** Opening Record extracts block **
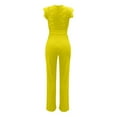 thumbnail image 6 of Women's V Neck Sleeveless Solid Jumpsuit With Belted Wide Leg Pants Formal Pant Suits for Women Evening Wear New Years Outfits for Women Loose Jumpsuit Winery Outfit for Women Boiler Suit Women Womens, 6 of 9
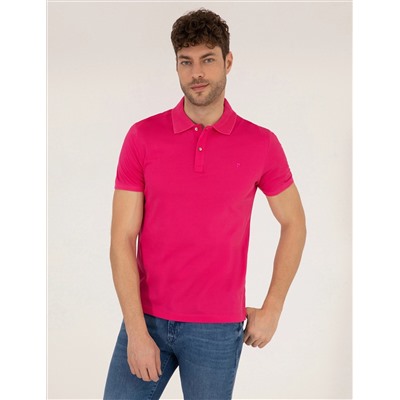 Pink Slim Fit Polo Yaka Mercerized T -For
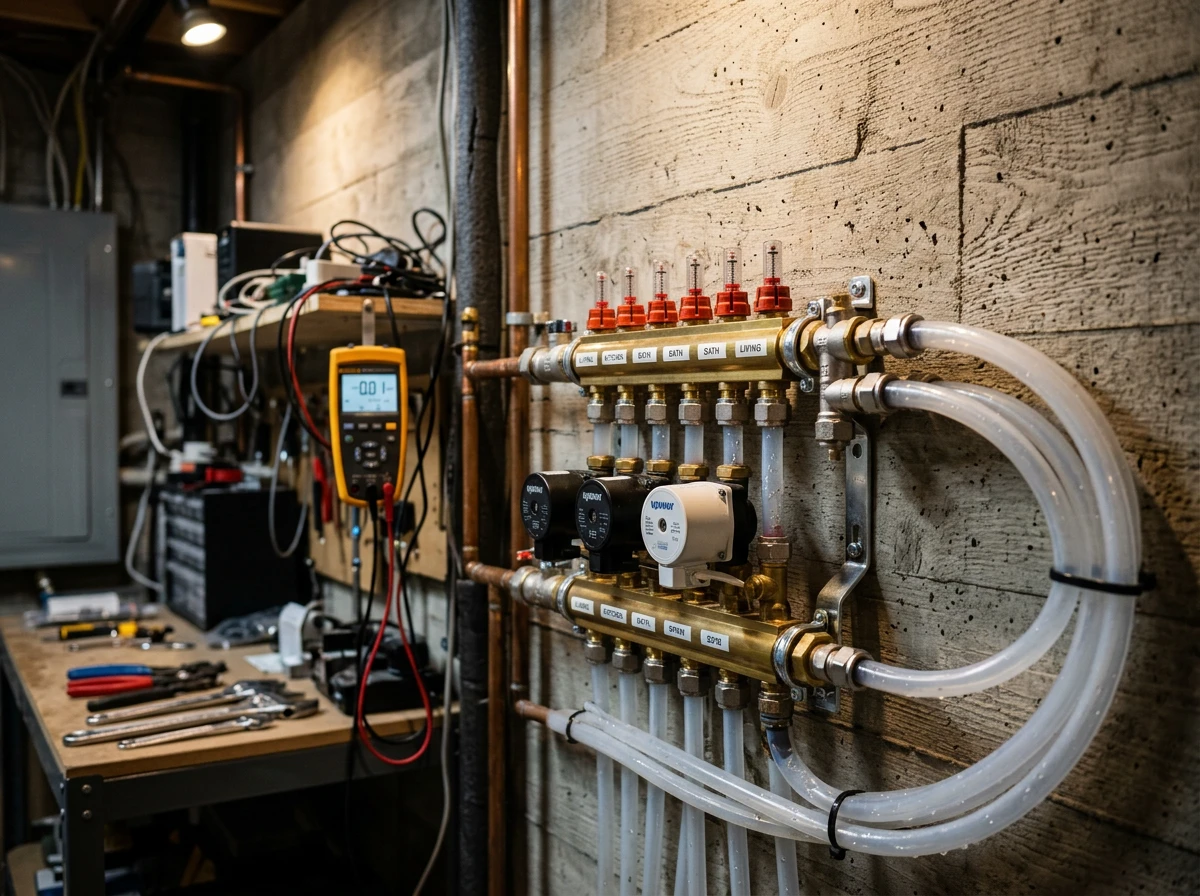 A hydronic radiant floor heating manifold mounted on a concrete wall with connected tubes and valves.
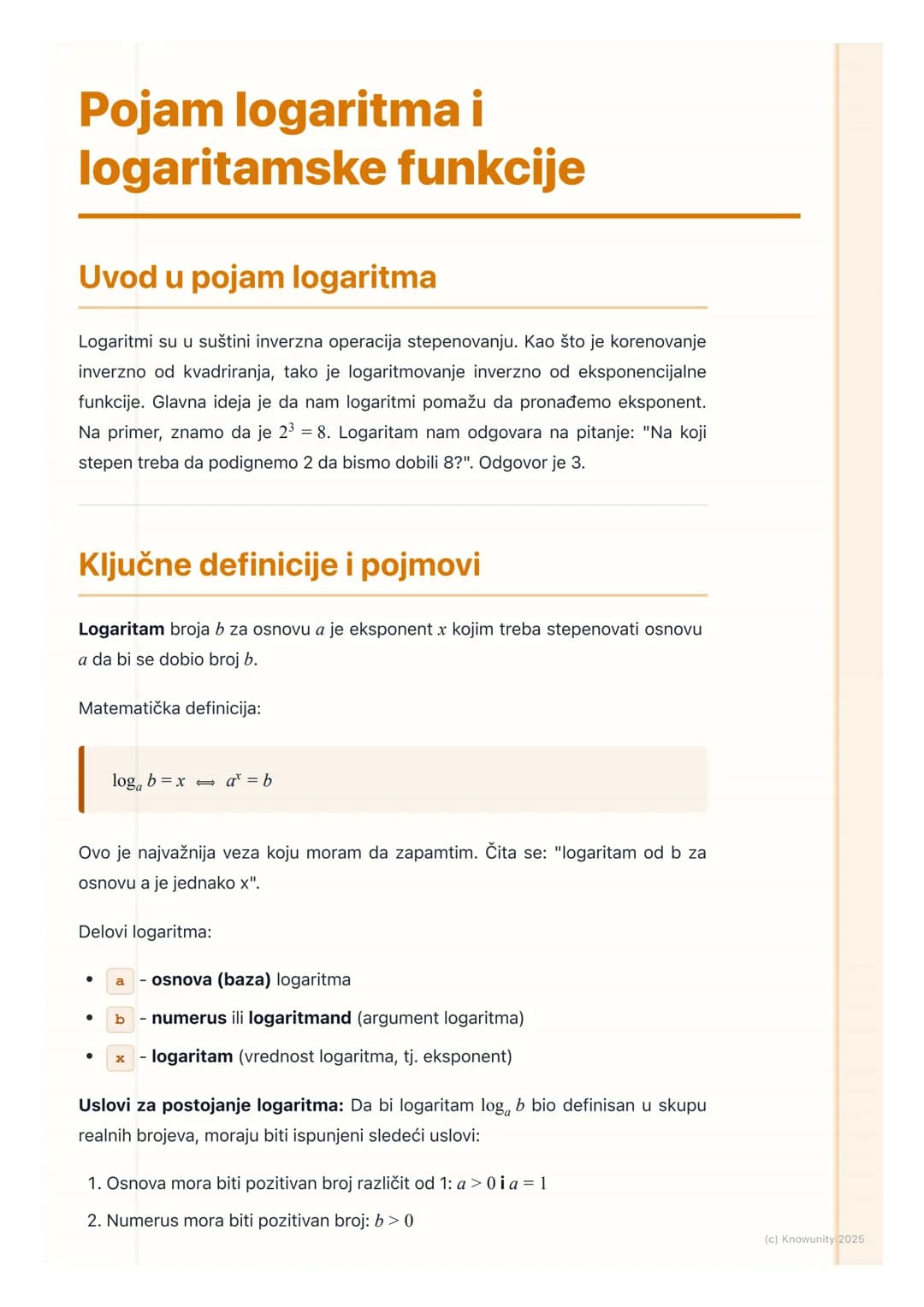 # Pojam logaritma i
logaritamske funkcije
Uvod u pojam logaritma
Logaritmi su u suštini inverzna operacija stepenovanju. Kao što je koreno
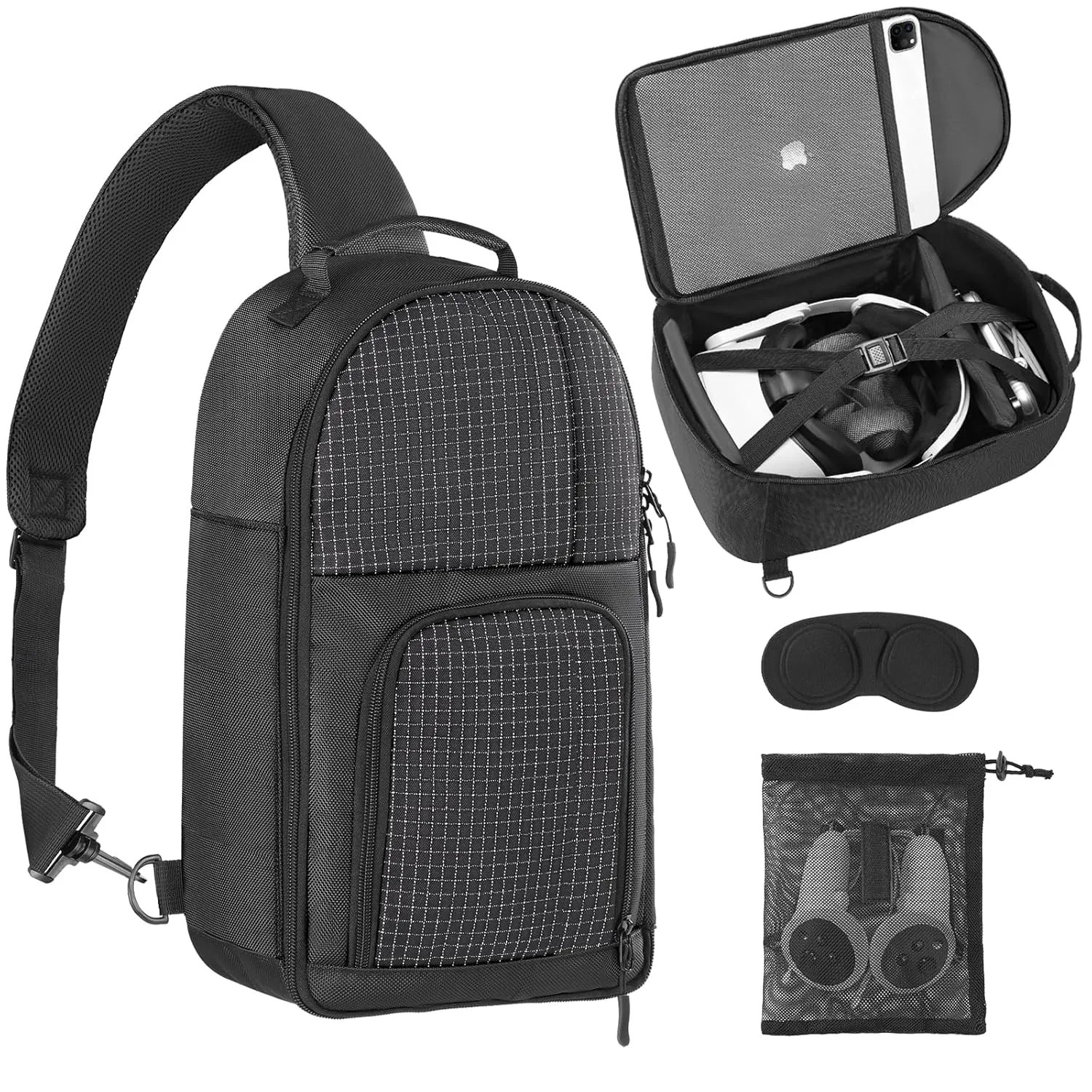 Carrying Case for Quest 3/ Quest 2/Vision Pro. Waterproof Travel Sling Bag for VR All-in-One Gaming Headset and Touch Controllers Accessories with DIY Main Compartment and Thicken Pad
** Closing Record extracts block **
** Opening Record extracts block **
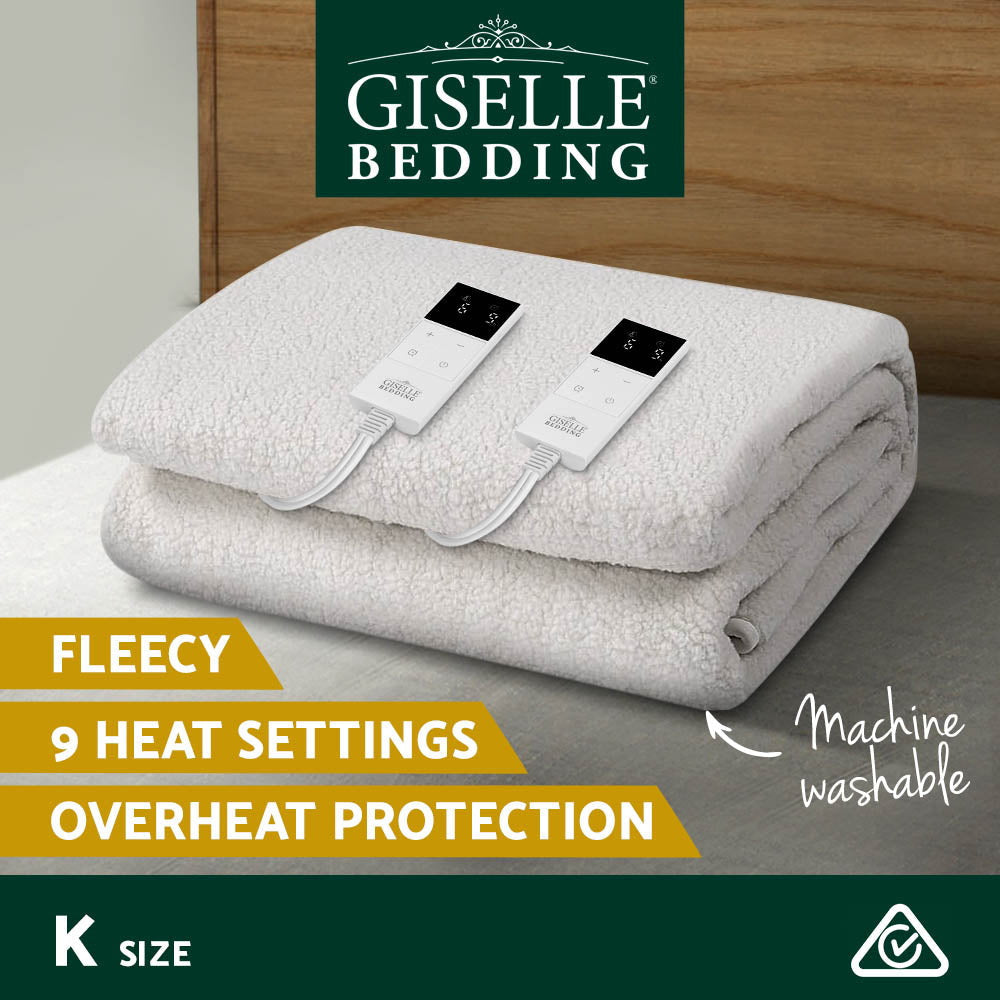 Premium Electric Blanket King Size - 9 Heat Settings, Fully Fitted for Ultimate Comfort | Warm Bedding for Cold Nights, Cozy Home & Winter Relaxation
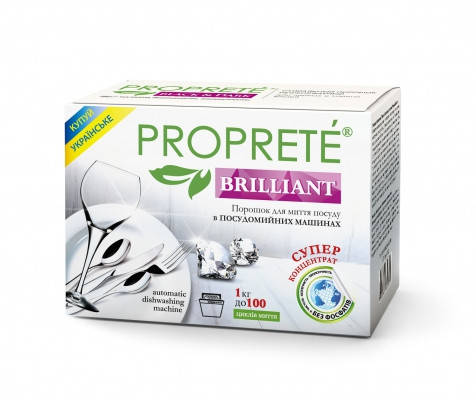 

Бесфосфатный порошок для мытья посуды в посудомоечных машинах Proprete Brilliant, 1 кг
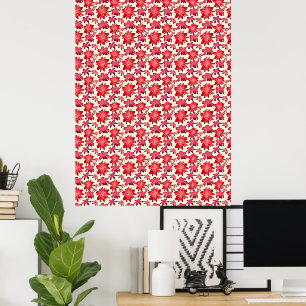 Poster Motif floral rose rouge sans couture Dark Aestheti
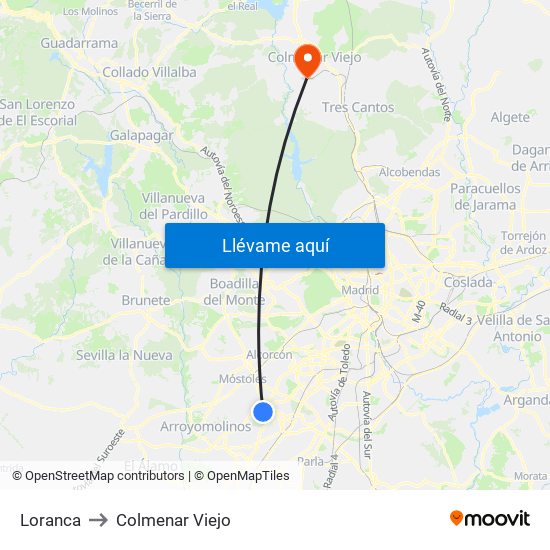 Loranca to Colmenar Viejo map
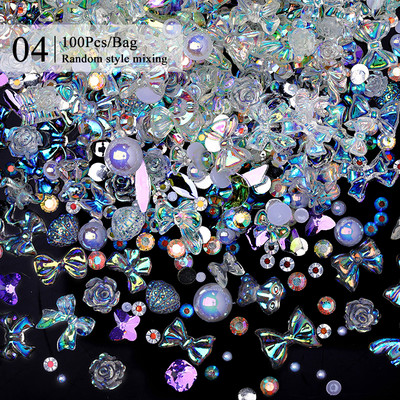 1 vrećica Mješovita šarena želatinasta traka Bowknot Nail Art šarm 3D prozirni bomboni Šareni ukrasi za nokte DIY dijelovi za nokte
** Closing Record extracts block **
What is being asked: Transcribe the listing above exactly, but only from the line with "thumbnail image 6" through the line with "Carrying Case for". Include both of those lines and omit the pictures.

Answer to this problem:
 thumbnail image 6 of Women's V Neck Sleeveless Solid Jumpsuit With Belted Wide Leg Pants Formal Pant Suits for Women Evening Wear New Years Outfits for Women Loose Jumpsuit Winery Outfit for Women Boiler Suit Women Womens, 6 of 9
 Pink Slim Fit Polo Yaka Mercerized T -For
 A hydronic radiant floor heating manifold mounted on a concrete wall with connected tubes and valves.
 # Pojam logaritma i
logaritamske funkcije
Uvod u pojam logaritma
Logaritmi su u suštini inverzna operacija stepenovanju. Kao što je koreno
 Carrying Case for Quest 3/ Quest 2/Vision Pro. Waterproof Travel Sling Bag for VR All-in-One Gaming Headset and Touch Controllers Accessories with DIY Main Compartment and Thicken Pad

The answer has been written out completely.